So You Want Git for Data?

REFERENCE
8 min read

An updated version of this blog was published in September 2024. So you want Git for Data? 2024 Edition.

People have been asking for a Git and GitHub for data for a while. That thread on Stack Exchange is almost seven years old and is the number three Google search result for "git for data" (for me).

What is “Git for data” in practice? Many products have come to market with some relation to the "Git for data" theme. Dolt and DoltHub are our answer. This blog tries to unpack what the various products in the space offer as an answer to what “Git for data” means.

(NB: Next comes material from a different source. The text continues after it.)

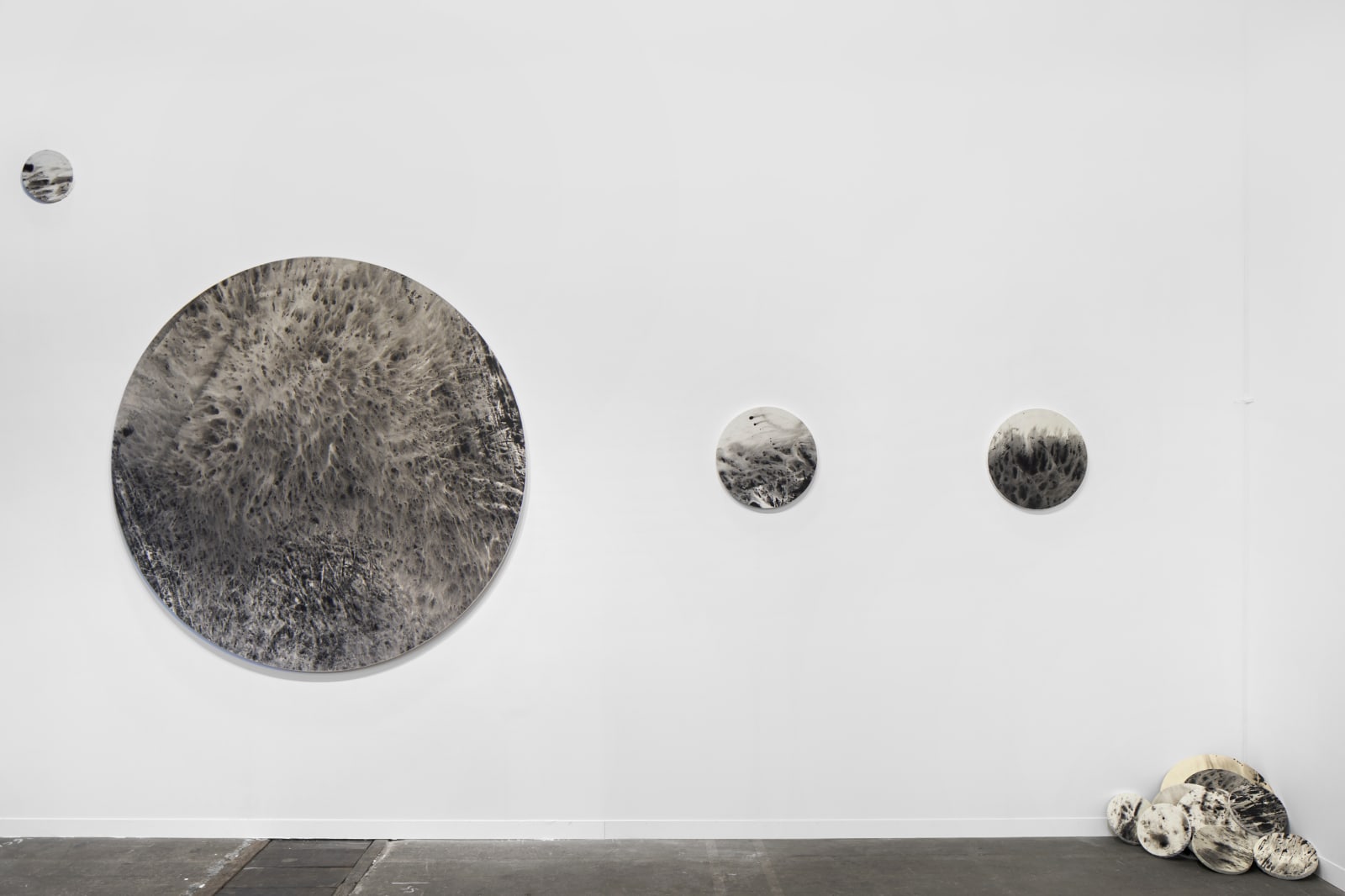 Nasreddine Bennacer. Algerian Artist. Contemporary African Art in Paris. AFIKARIS. Black and White. Hybridity of techniques. Quest for identity.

What do you mean by “Git for data”?

In 2020, Git and GitHub cover many aspects of the software development and data engineering life cycle. When you say “Git for data”, what do you mean?

What do you mean by Git?

Do you mean data versioning? If so, which parts of version control do you care about? Do you care about rollback? Diffs? Lineage, i.e. who changed what and when? Branch/merge? Sharing changes with others? Do you mean a content-addressed version of the above with all the good distributed qualities that solution provides? Do you care about some of the more esoteric version control features of Git like a staging area or multiple remotes?

Or are you thinking more of GitHub? Do you want an online data catalog? If so, is what you really want a thriving open data community akin to the open source community? Do you want to be able to collaborate remotely and asynchronously on private data projects? Do you want pull requests, i.e. integrated human review of data changes? Do you want to be able to create issues referring to certain changes or parts of the data?

What do you mean by Data?

Do you mean data in files or data in tables? Do you mean unstructured data like images or text from web pages? Do you mean CSV tables or JSON blobs? Do you mean big data like time series log entries? Do you mean relational databases? If relational, do you care about schema or just data (or vice versa)? Do you mean data transformations, like exist in data pipelines? Do you have an application in mind? Data for machine learning (i.e. labeled data)? Data for visualizations and reports? Data for a software application?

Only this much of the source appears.